Germany would be in a happier position. Should it opt to leave, it would have an incentive not to convert its stock of euro-denominated debts to claims in a new, stronger currency. It could instead choose to repay those depreciating debts over time. Rather than invite legal disputes, however, it might instead go for a comprehensive conversion and keep balance-sheets straight. Germany would in any case be able to issue cheap debt in the run-up to conversion. A rush out of euros into German assets in anticipation of revaluation would drive up the prices of Bunds—conceivably to a point where the interest rates on them were negative.

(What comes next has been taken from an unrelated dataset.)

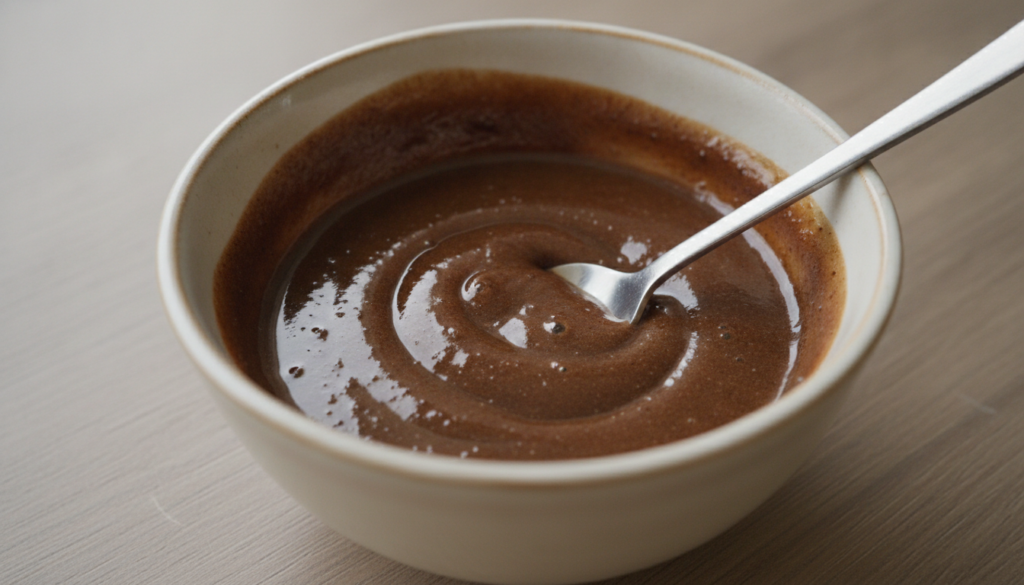 Close-up of a small bowl containing a smooth brown coffee and oil paste with a mixing spoon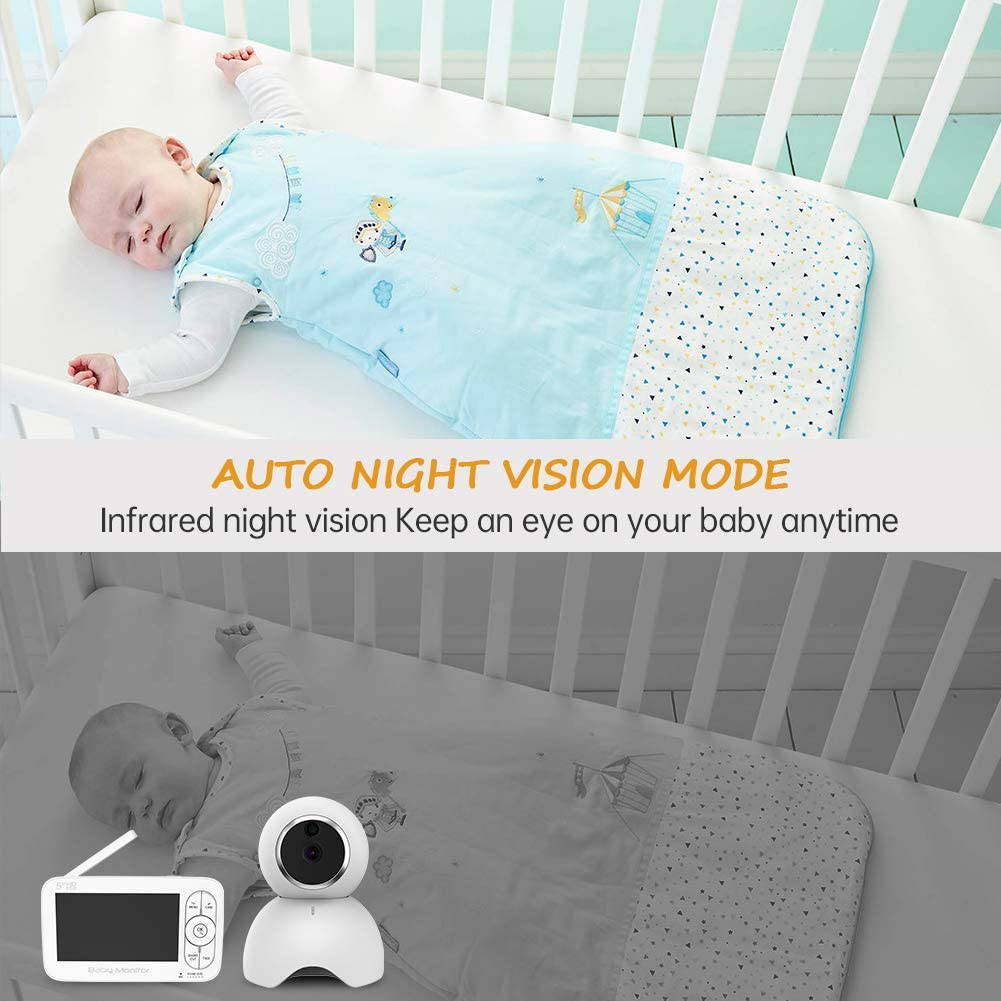 Baby Monitor, AUTENS 720P 5 Inch HD Display Video Baby Monitor with Camera and Two Way Audio, Auto Night Vision, Remote Pan/Tilt/Zoom, 5 Lullaby Music,Temperature & Sound Alarm, For Baby/Elder/Pet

Even so, Germany would face costs it could not control. A new D-mark would surely rise steeply, harming the country’s exporters. Exit from the euro area would deplete its customers in the rest of the zone of the cash and credit needed to buy German goods. As a big creditor, it holds lots of assets elsewhere in the zone. The value of these would plummet in new D-marks, and a contraction in credit in the rump of the euro zone would mean that the value of assets, including businesses that might otherwise have survived, would be destroyed. Germany would no longer be able to influence the euro area’s monetary policy. It could not prevent the ECB from stoking inflation, which would undermine the real value of German loans made to euro-zone banks, businesses and governments.
A determined country could leave the euro and establish its own currency again: nothing is truly irreversible for a sovereign nation. But even the most wilful and powerful state could not fully control the banking chaos and social unrest that a forced currency conversion would unleash. It would be a curious decision for Germany to seek to abandon the euro in search of greater monetary and fiscal stability. It would first have to endure a long period of financial disarray.

Is it worth it?

Countries at the euro zone’s periphery that face years of austerity and high unemployment inside the euro may find it harder to believe that things could be much worse if they left. A devaluation would spare them the grinding wage deflation needed to price the unemployed back into work (though it would not address the economic weaknesses that lie behind poor competitiveness). The spectre of bank runs, high funding costs, default and social unrest might not seem so scary in today’s conditions: some countries are already vulnerable to these. Efforts to ameliorate these problems have so far proved inadequate (see article).
Therein lies the danger for the euro. The cost of breaking up the single currency would be enormous. In the ensuing chaos and recrimination, the survival of the EU and its single market would be in jeopardy. But by believing that a break-up cannot happen, the euro zone’s authorities will always tend to stop short of the radical measures needed to hold the project together. Given the likely and devastating chaos, it would be a mistake for a country to choose to leave. But mistakes occur in times of stress. That is why some are beginning to contemplate the unthinkable.